頭頸部腫瘍について

頭頸部腫瘍は頸部および頭部のなかで眼球、脳をのぞいた範囲をさします。頭頸部腫瘍はそれらの範囲に発生した腫瘍で、腫瘍の発生場所によって様々な腫瘍があります。特にそれらの腫瘍で悪性のものを主に癌と呼びます(厳密には肉腫なども存在する)。
癌は発生場所によって喉頭癌、咽頭癌、舌癌などと区別されます。部位によって頻度に差があり、頻度の高いものとしては舌癌、喉頭癌、下咽頭癌、甲状腺癌などがあり、中咽頭癌、上咽頭癌、上顎癌などがこれにつぎ、耳下腺癌、顎下腺癌などは稀とはいえませんが頻度の少ない癌といえます。
組織学的にみると、扁平上皮癌と呼ばれるタイプが最も多く、鼻腔、口腔、咽頭、喉頭などの頭頸部の管腔では90%がこのタイプです。
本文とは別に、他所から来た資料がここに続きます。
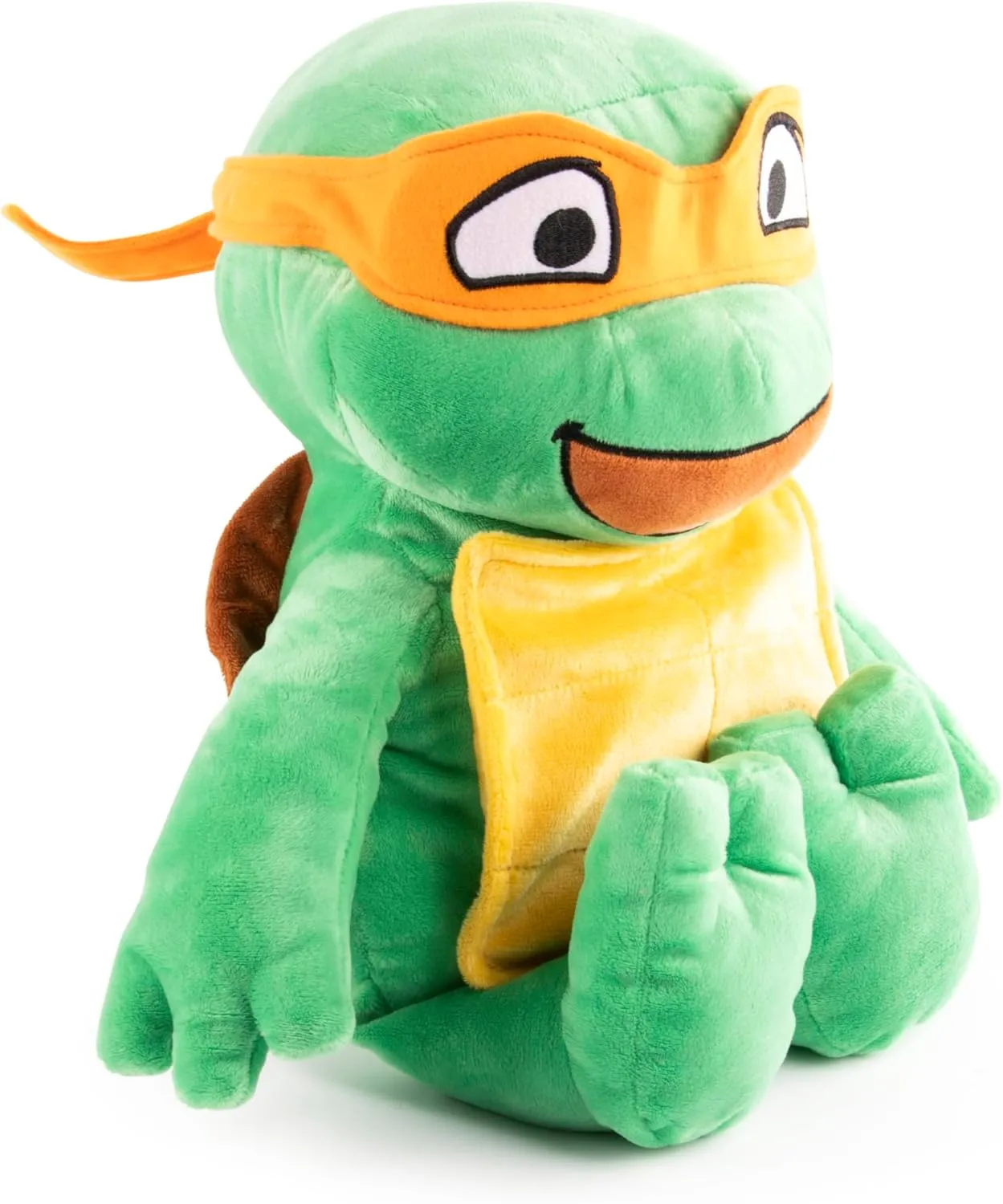 Jay Franco Weighted Nickelodeon Teenage Mutant Ninja Turtles Michaelangelo Plush Pillow Buddy - Super Soft Turtle Tots Character Pillow - Polyester Microfiber, 17 Inches, 2.5lbs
これに次いで多いのが腺癌とよばれるタイプのがんで、この両者で、頭頸部がんのほとんどを占めます。
発生場所や腫瘍の大きさ、組織の形によって、放射線や抗がん剤に対する効果、腫瘍の進展様式が異なり、治療法も異なってきます。
頭頸部がんの最大の特徴は、摂食、会話などに直接関与する部位であり、治療による生活の質の低下の可能性が常にありますが、腫瘍が進行していればいるほど、発声機能喪失や、咀嚼嚥下機能低下、顔面の変形など、治療後の障害は大きくなり、社会生活に大きなハンディキャップを負うことになります。逆に早期のものであればほとんど障害が少なく、早期発見早期治療が非常に重要となります。
頭頸部がんの症状は、がんの発生した場所によって異なります。個々のがんの症状は、それぞれの疾患の項を参照していただきたいと思います。また、頭頸部癌の特徴として比較的頸部のリンパ節への転移がおこることです。そのためリンパ節への転移による首のしこりに気づいてはじめて医療機関を受診される方も少なくありません。
強い症状がある場合はもちろんですが、1ヶ月以上も変わらず同様の症状が続く場合には早めに医療機関を受診することをおすすめします。頭頸部腫瘍は直接目で見たり、手で触れることができるためそれら活用して診断を進めていきます。必要に応じてCTやMRIの画像検査を行い、最終的には腫瘍の一部を採取して行う細胞診や組織診にて診断を行います。
治療法は主に手術療法、放射線療法、化学療法を組み合わせ、腫瘍の発生場所や広がり、組織型を考慮して選択していきます。